What is expected:
Apart from pictures, transcribe exactly each line from the one containing "KY license plate 549USZ" through the final line of the listing below.

Given data:
----

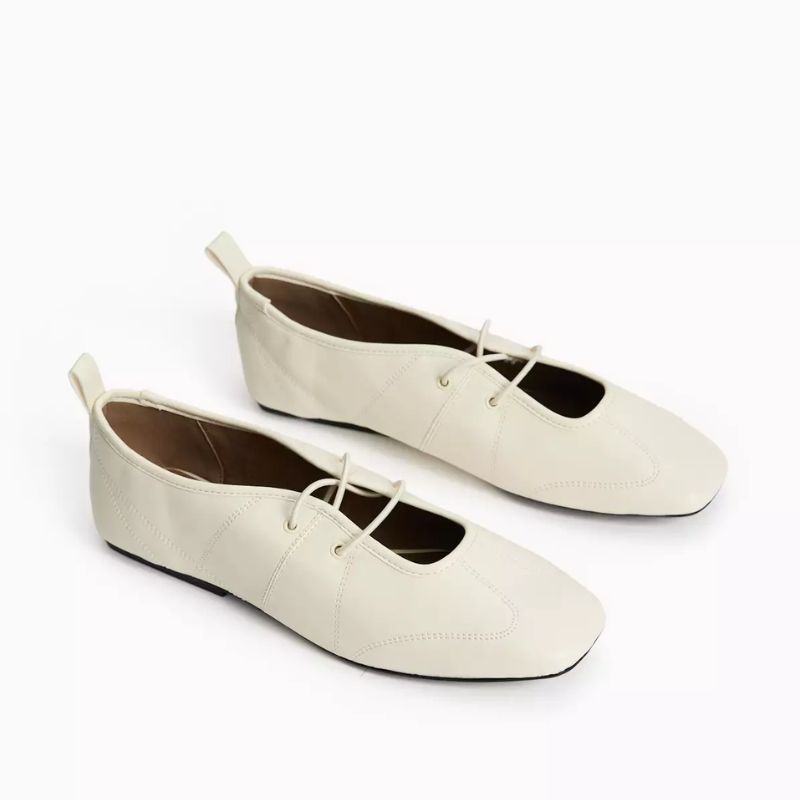 Cream Sporty Style Laced Ballerina Shoes cut out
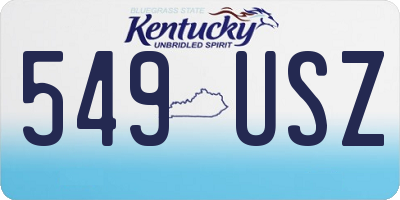 KY license plate 549USZ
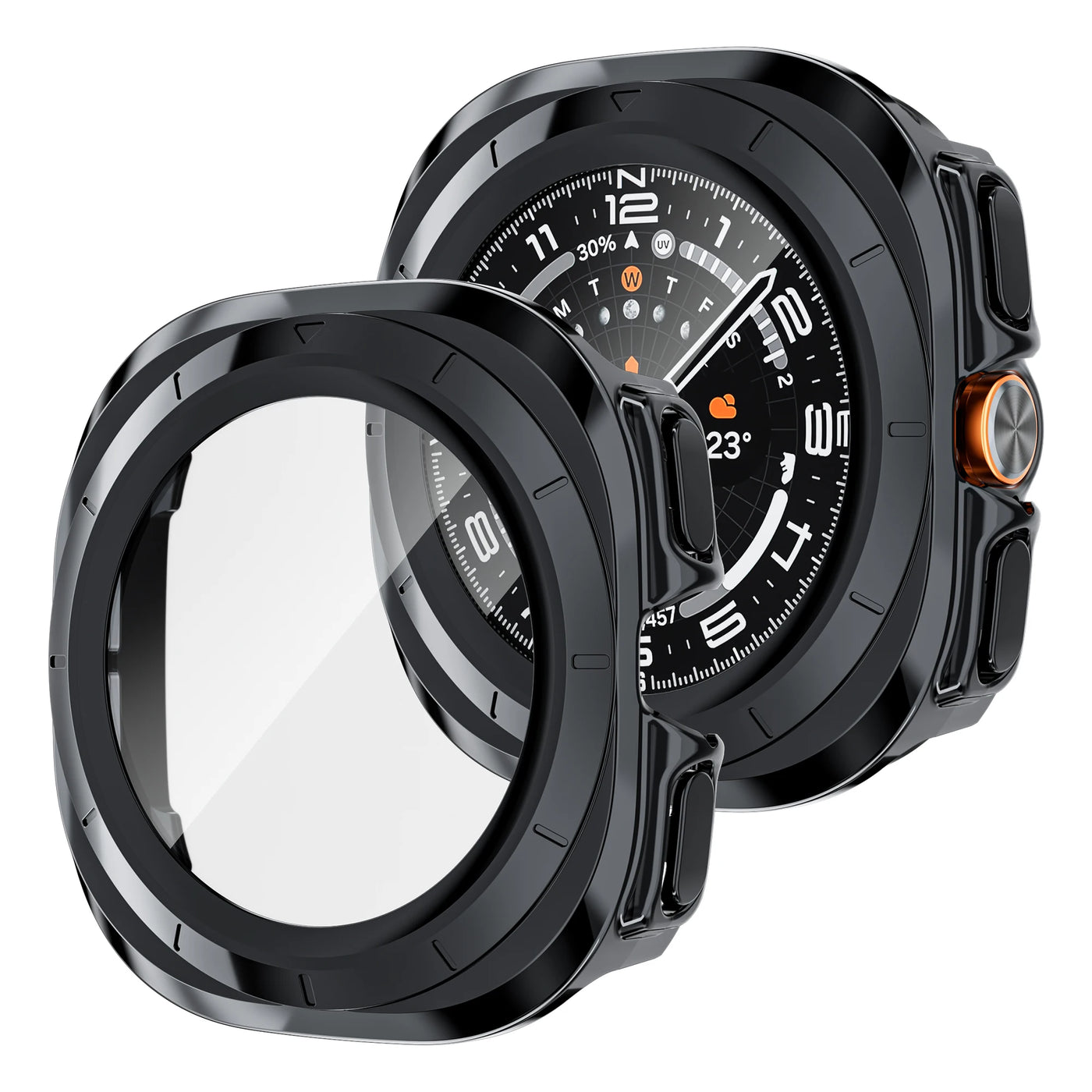 Case for Samsung Galaxy Watch Ultra 47mm accessories Tempered Glass Screen Protector Hard PC Bumper Galaxy Watch 7 ultra Cover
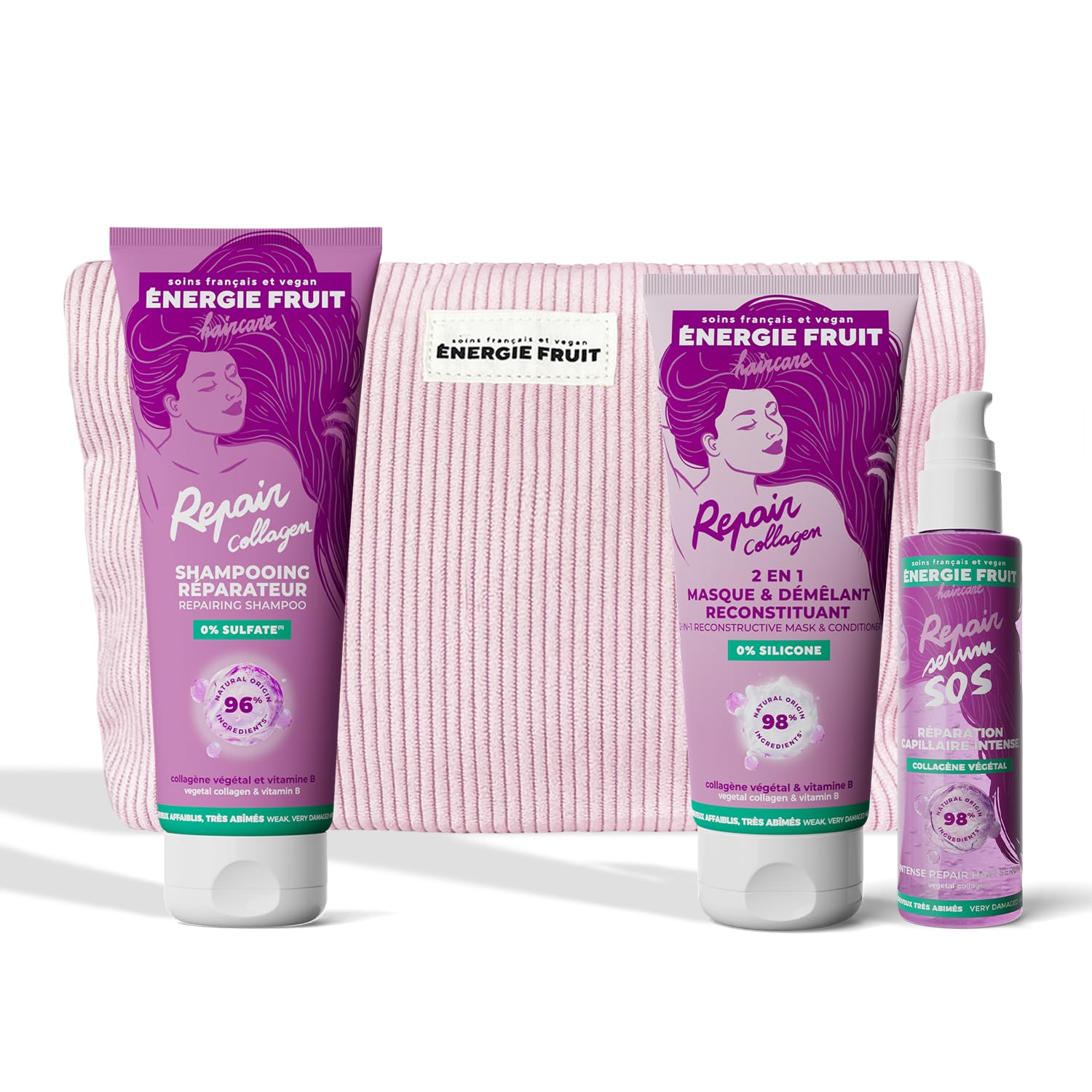 ENERGIE FRUIT - Coffret cadeaux routine capillaire cheveux abîmés - Collagène - Trio shampooing réparateur, masque reconstituant, sérum protecteur - Trousse offerte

----

Answer for the task:
 KY license plate 549USZ
 Case for Samsung Galaxy Watch Ultra 47mm accessories Tempered Glass Screen Protector Hard PC Bumper Galaxy Watch 7 ultra Cover
 ENERGIE FRUIT - Coffret cadeaux routine capillaire cheveux abîmés - Collagène - Trio shampooing réparateur, masque reconstituant, sérum protecteur - Trousse offerte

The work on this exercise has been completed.